Ali explique que s'il avait connu les modes de transmission du sida, il aurait été plus prudent. Nasr el-Sayed, directeur du Programme de contrôle du sida, une agence gouvernementale, dit que cette ignorance est monnaie courante. Même certains médecins ne croient pas que le sida concerne l'Egypte qui, avec ses 65 millions d'habitants, est le pays arabe le plus peuplé.

''Certaines personnes refusent même d'écouter les informations sur la maladie. ''Nous sommes des gens bons et religieux, qu'est-ce qu'on en a à faire du sida? C'est pour les autres, disent-ils'', rapporte Nasr el-Sayed, dont l'agence a été mise sur pied en 1986, l'année de l'apparition du premier cas de sida en Egypte. Celle-ci fait un travail d'information qui porte encore insuffisamment ses fruits. Il existe un numéro de téléphone spécial pour informer la population qui reçoit un millier d'appels par mois.

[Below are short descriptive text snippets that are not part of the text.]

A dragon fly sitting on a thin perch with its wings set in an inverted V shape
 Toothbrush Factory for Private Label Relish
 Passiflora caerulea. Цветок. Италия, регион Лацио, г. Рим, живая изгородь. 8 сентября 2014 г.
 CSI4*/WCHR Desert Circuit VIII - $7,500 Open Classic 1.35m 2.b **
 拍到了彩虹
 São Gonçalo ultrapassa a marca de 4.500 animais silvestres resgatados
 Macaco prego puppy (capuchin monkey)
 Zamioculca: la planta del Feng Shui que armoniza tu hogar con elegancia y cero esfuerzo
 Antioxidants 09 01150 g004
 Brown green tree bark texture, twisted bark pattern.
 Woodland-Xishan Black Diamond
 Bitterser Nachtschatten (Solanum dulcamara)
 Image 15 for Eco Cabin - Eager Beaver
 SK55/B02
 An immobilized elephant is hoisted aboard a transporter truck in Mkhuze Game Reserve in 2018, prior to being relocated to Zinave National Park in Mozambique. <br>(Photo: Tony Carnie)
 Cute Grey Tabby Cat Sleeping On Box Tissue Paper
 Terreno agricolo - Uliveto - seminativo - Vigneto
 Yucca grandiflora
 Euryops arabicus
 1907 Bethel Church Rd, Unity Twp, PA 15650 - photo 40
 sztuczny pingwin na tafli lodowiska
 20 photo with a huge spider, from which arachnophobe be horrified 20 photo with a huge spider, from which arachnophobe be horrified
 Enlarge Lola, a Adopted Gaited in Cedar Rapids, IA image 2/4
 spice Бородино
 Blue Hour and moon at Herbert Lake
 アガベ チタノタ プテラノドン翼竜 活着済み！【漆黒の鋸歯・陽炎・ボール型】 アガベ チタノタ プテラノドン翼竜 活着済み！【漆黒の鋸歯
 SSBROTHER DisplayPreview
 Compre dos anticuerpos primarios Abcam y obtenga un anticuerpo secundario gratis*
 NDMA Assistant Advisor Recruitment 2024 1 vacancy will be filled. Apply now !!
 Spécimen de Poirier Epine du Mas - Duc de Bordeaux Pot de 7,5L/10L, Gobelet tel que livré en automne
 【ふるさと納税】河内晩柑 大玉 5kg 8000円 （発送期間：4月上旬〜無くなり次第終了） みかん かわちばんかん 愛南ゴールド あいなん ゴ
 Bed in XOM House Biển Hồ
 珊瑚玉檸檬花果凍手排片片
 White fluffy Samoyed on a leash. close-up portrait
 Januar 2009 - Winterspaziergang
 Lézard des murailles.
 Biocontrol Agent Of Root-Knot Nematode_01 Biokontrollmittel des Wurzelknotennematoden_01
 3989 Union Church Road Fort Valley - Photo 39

Si l'on en croit les statistiques, il y a 928 séropositifs en Egypte. Mais comme de nombreux cas ne sont pas signalés, le chiffre réel était de 8.100 cas à la fin 1999, selon l'ONUSIDA. Un pays comme l'Arabie saoudite n'a même pas de statistique officielle sur la malade. En Jordanie, il existe bien une politique de prévention mais celle-ci se garde bien d'évoquer ou de promouvoir les pratiques sexuelles sans danger.

Le danger vient aussi du fait que les Egyptiens refusent d'admettre que, comme ailleurs, l'homosexualité ou la prostitution existent dans leur pays, explique Sana Nassif, qui dirige le programme sida de l'organisation humanitaire Caritas. Cette dernière a renoncé à mettre sur pied un groupe de soutien aux homosexuels de crainte d'être accusée d'encourager l'homosexualité. Avec pour conséquence, explique Sana Nassif, que les groupes ou personnes ayant les pratiques les plus risquées demeurent hors d'atteinte.

Sans parler des femmes qui savent pertinemment que leur mari les trompe et qui ne peuvent même pas exiger de celui-ci qu'il prenne des précautions. ''Il est vraiment tragique de voir comment les femmes sont incapables de négocier leur propre protection dans et en dehors du mariage'', dit Jihane Tawilah, de l'Organisation mondiale de la santé.

Ali quant à lui, qui vit avec sa mère et ses frère et soeur, dit qu'il ''prie pour que Dieu mette un terme à (sa) vie le plus vite possible avant que les symptômes ne s'aggravent: je ne veux pas créer de problèmes à ma famille''. Tenue dans l'ignorance de son état, celle-ci ne comprend pas pourquoi il refuse obstinément de se marier.